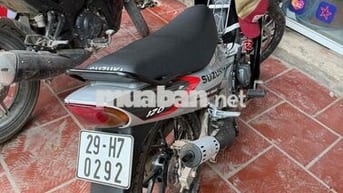 Suzuki Satria 2000 Bạc Đen Đỏ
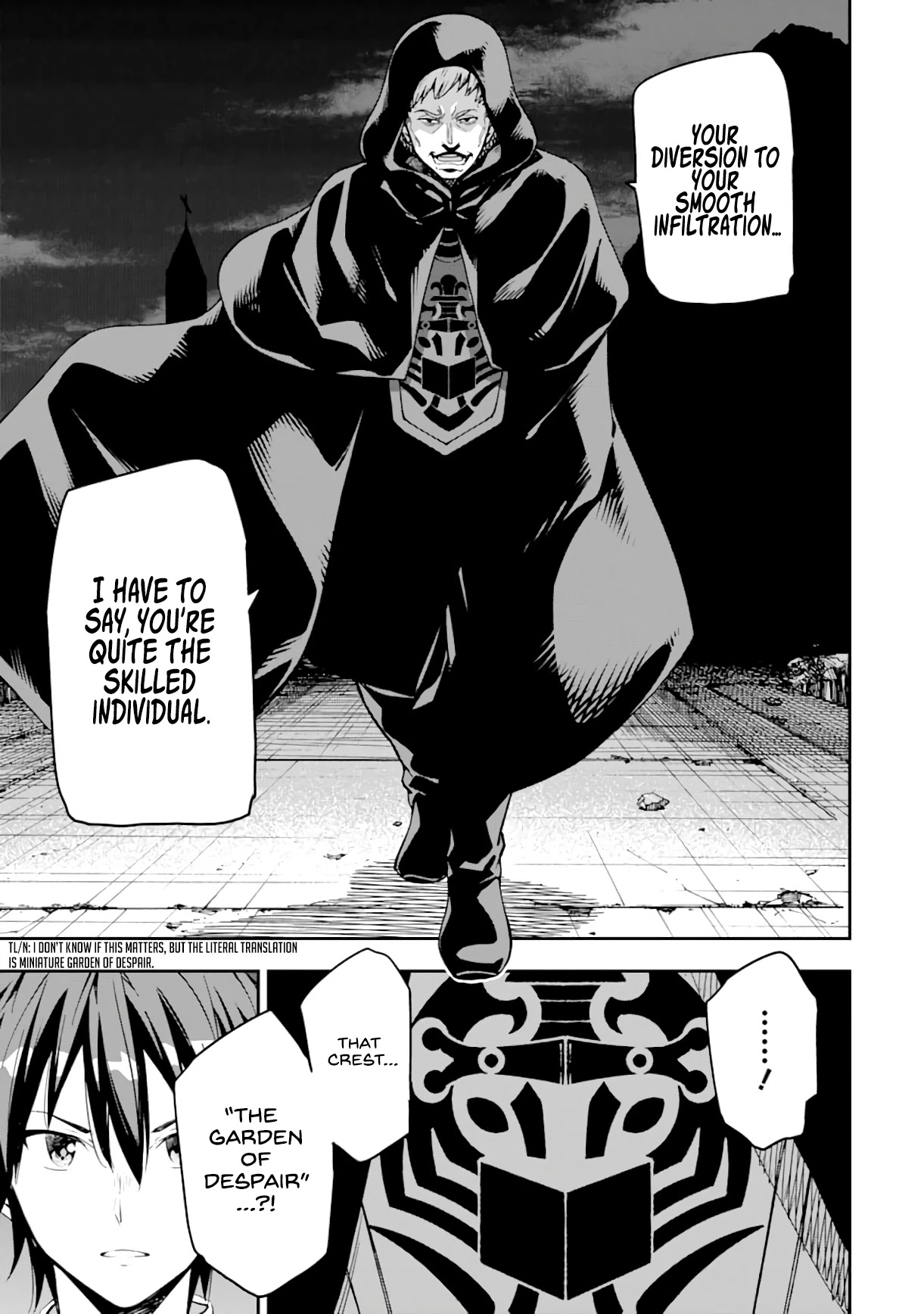 Isekai Kenja no Tensei Musou ~Geemu no Chishiki de Isekai Saikyou~ Chapter 7 - Page 30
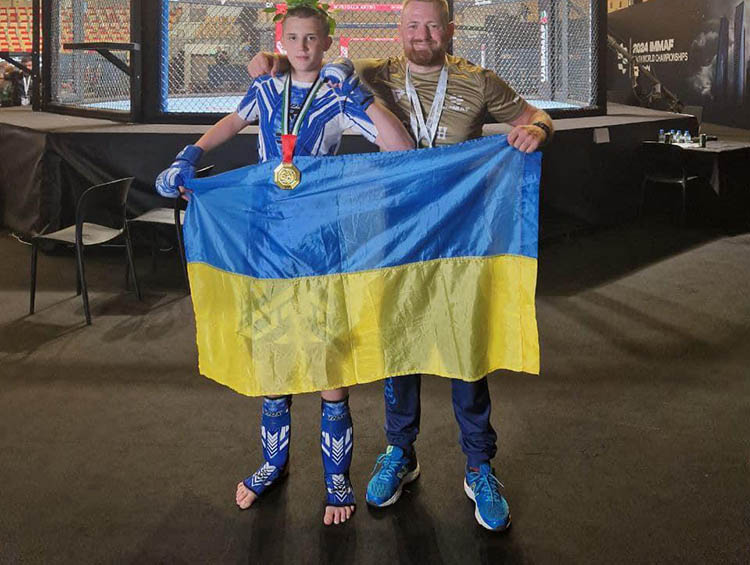 Дніпрянин Артур Іващенко – чемпіон світу зі змішаних єдиноборств ММА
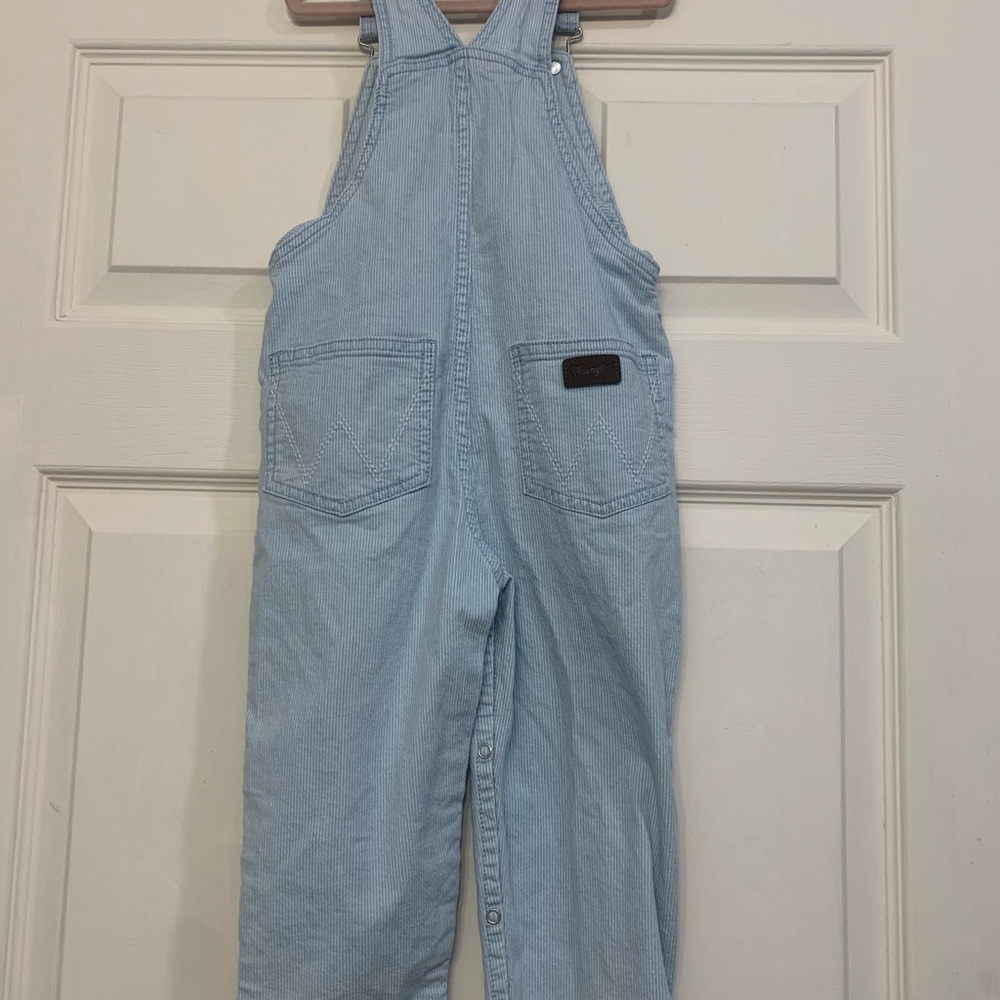 Wrangler Girl 3 Toddler Denim Overall Pants.        2367 - Picture 9 of 9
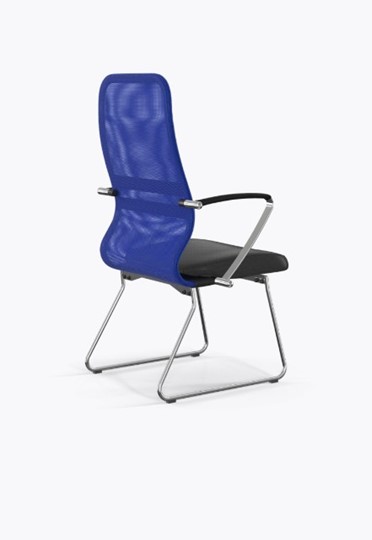 Офисное кресло Ergolife Sit 8 B2-9K - X1+Extra (Синий-Черный) в Уфе - изображение 1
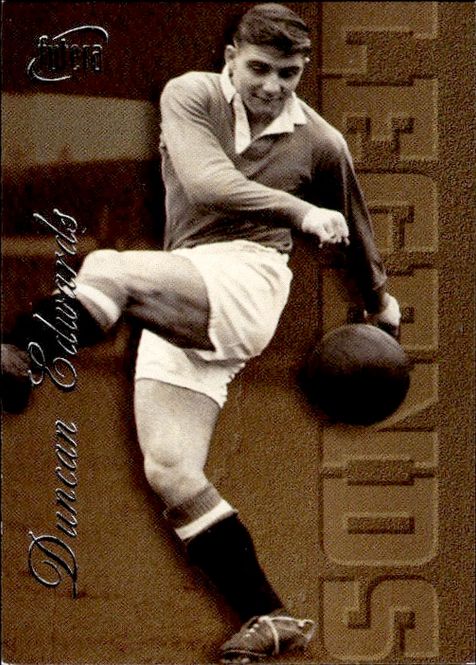 Hovedbilde DUNCAN EDWARDS Legends L1 Silver #4145/7000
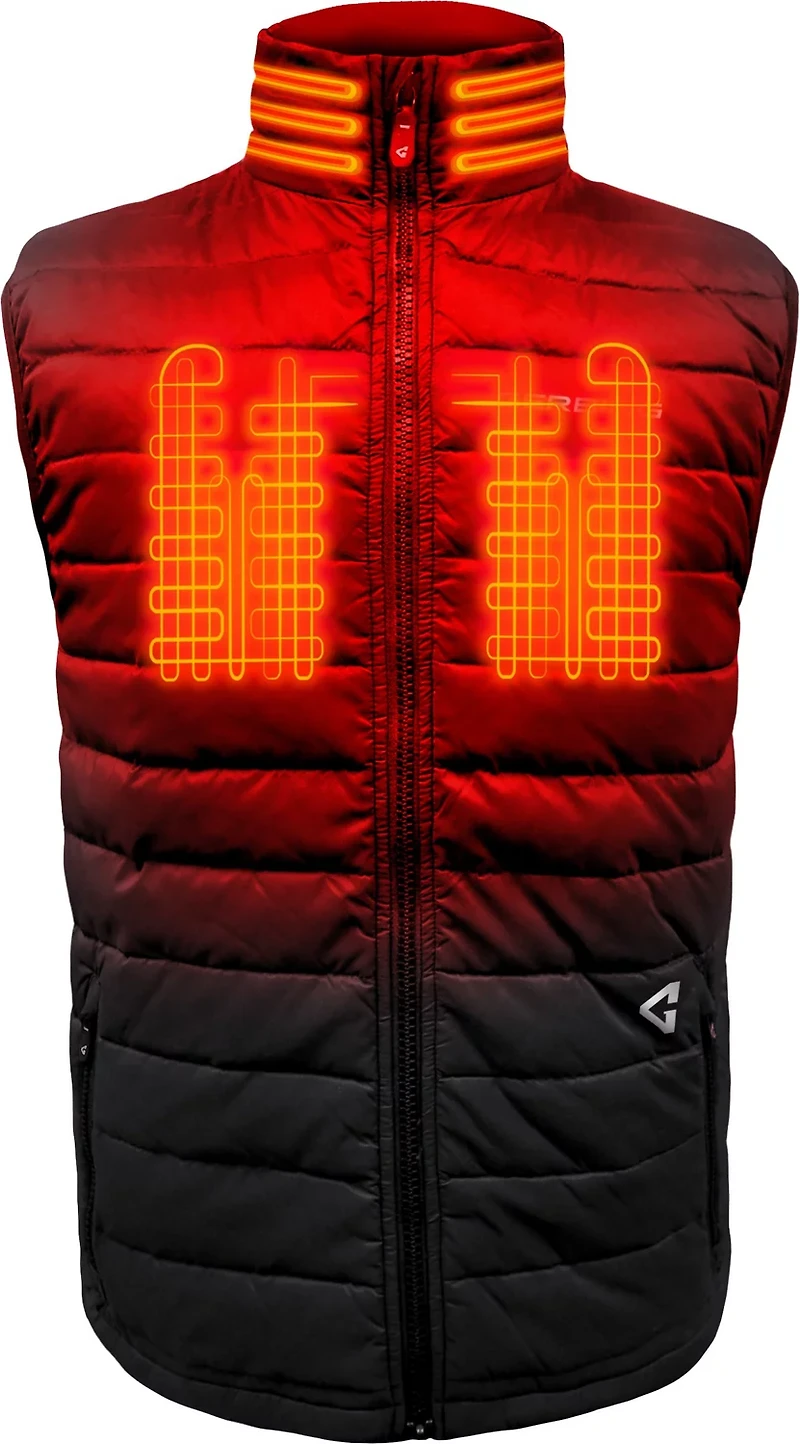Gerbing Men's Khione 2.0 Puffer Heated Vest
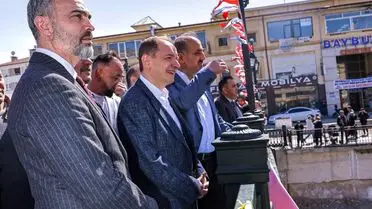 Bayburt'ta Ünilig Rafting Türkiye Şampiyonası Heyecanla Açıldı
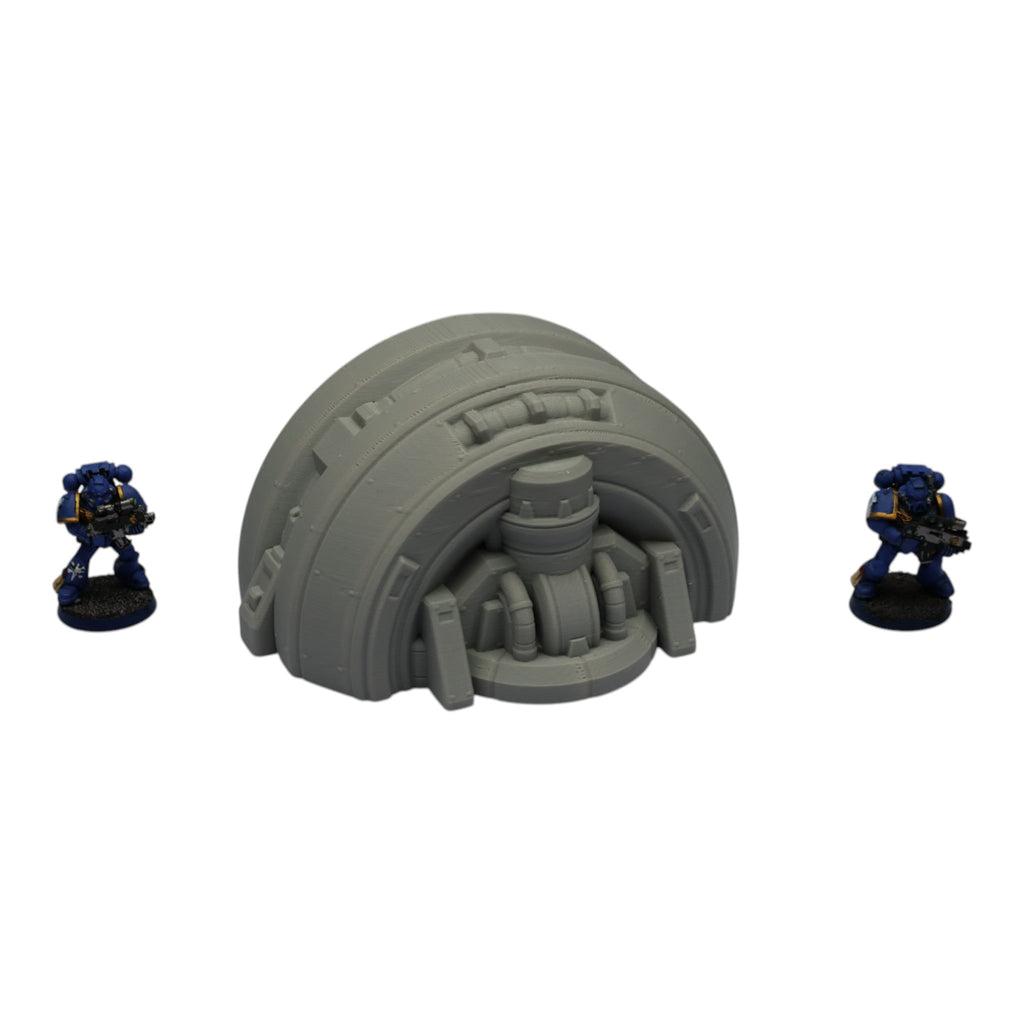 Turbo Generator #2 - 28mm Wargaming Scatter Terrain Scenery Tabletop Grimdark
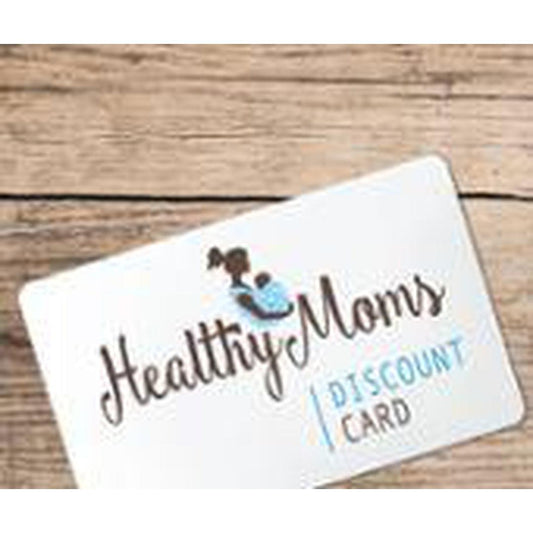 Healthy Moms Membership Card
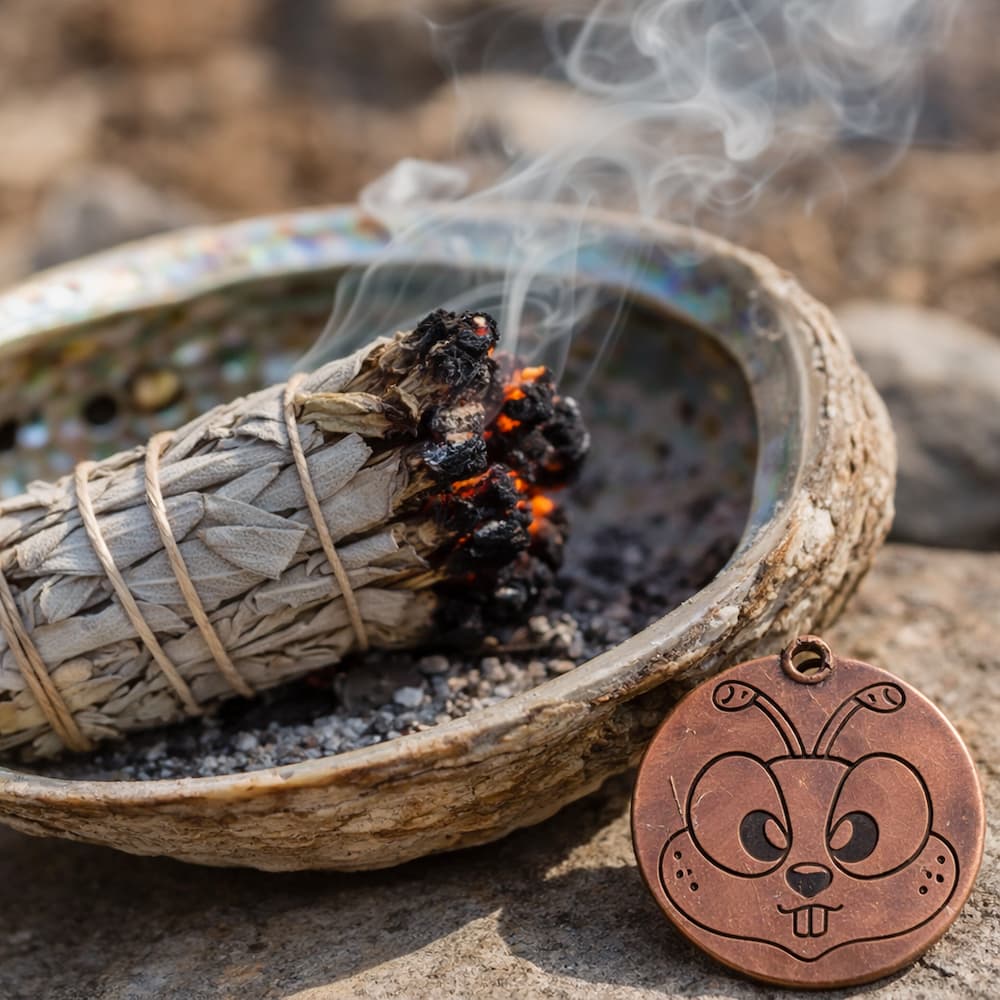 How To Burn Smudge Sticks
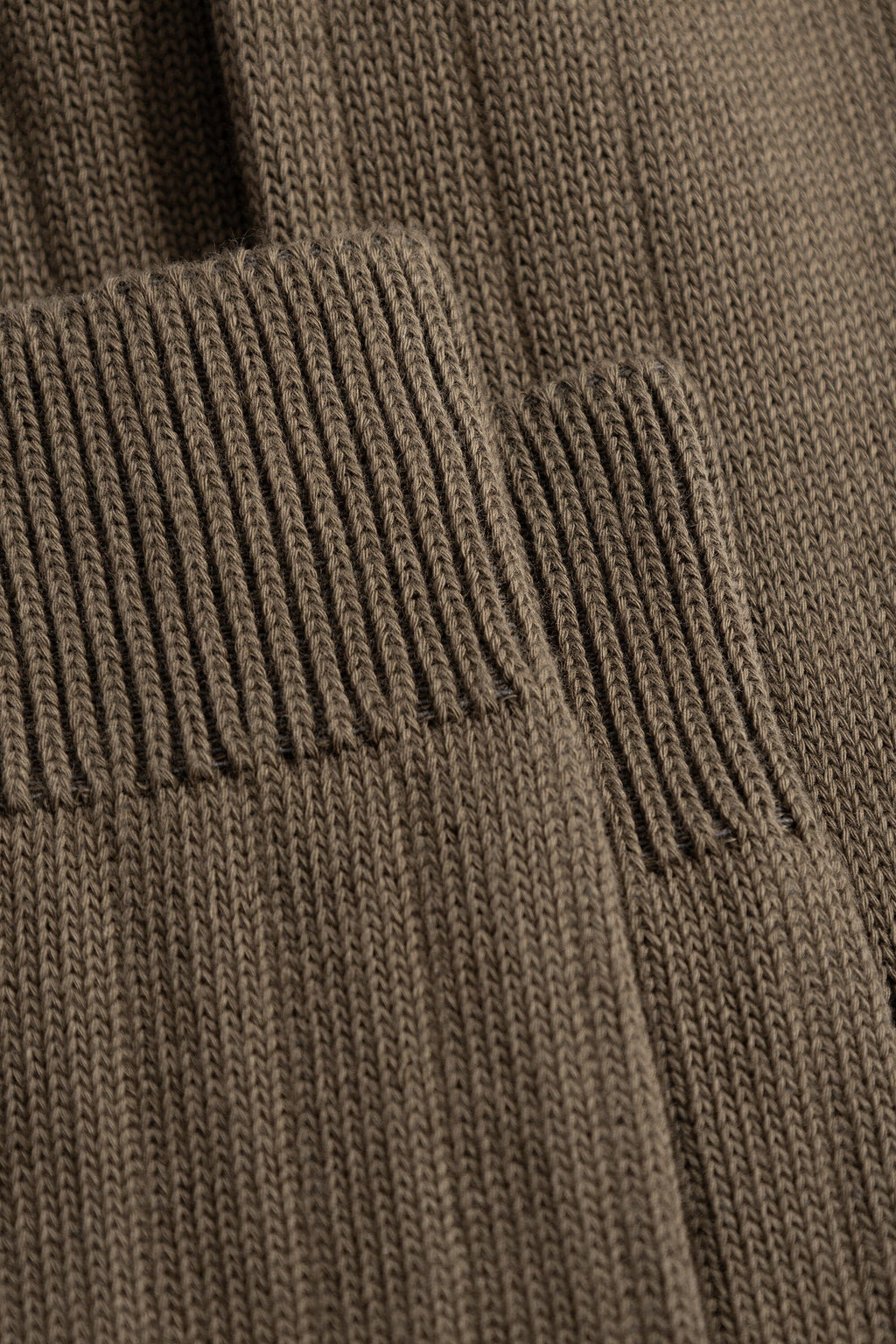 Norse Projects - Bykle Cordura Wide Rib Sock - Dusty Olive Sokker Norse Projects 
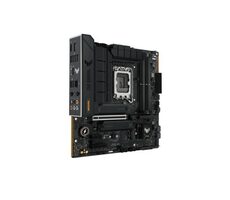 ASUS TUF GAMING B760M-PLUS WIFI II / B760 / 4x DDR5 / PCIEx16 / 2.5GLAN / Wi-Fi / mATX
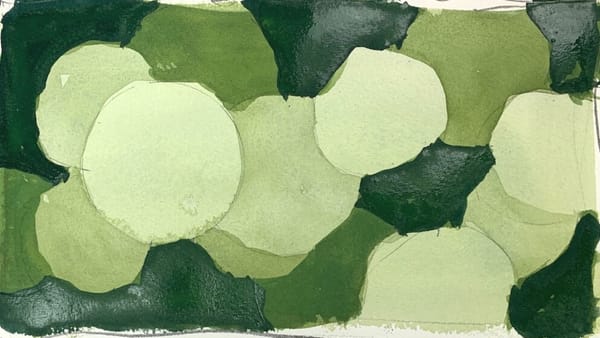 What is Negative Painting in Watercolor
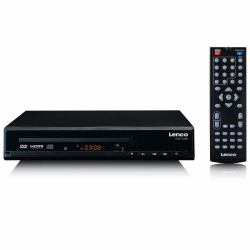 Lenco DVD-120 DVD player Black 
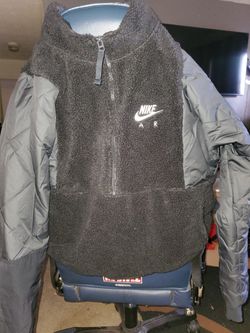 Nike Air Half Zip Sherpa Pull Over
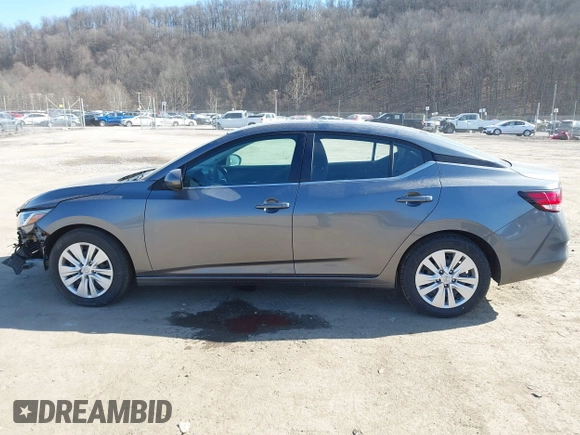 2023 Nissan Sentra S with VIN 3N1AB8BV5PY280796, listed as a IAAI auction lot 41704426 with 37,692 mi miles and . Bid and sale history available at DreamBid. Image 14.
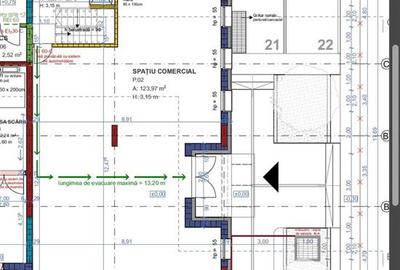 Inchiriere spatiu comercial 226 mp in Iris- strada Oasului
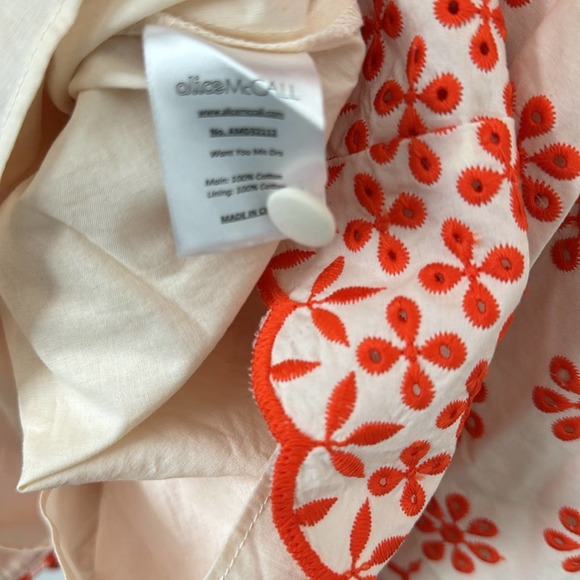 Alice McCall I Want You Mini Dress Size: 4 - Picture 9 of 9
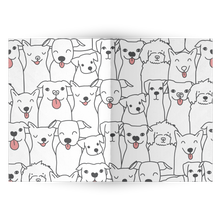 Load image into Gallery viewer, Doggie Friends Folding Card Set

::::::::

### Your task
Could you write out exactly the lines from the line containing "Norse Projects - Bykle" to the end of the material, and nothing else? No pictures belong in the copy.

### Output for this task
 Norse Projects - Bykle Cordura Wide Rib Sock - Dusty Olive Sokker Norse Projects 
 ASUS TUF GAMING B760M-PLUS WIFI II / B760 / 4x DDR5 / PCIEx16 / 2.5GLAN / Wi-Fi / mATX
 What is Negative Painting in Watercolor
 Lenco DVD-120 DVD player Black 
 Nike Air Half Zip Sherpa Pull Over
 2023 Nissan Sentra S with VIN 3N1AB8BV5PY280796, listed as a IAAI auction lot 41704426 with 37,692 mi miles and . Bid and sale history available at DreamBid. Image 14.
 Inchiriere spatiu comercial 226 mp in Iris- strada Oasului
 Alice McCall I Want You Mini Dress Size: 4 - Picture 9 of 9
 Load image into Gallery viewer, Doggie Friends Folding Card Set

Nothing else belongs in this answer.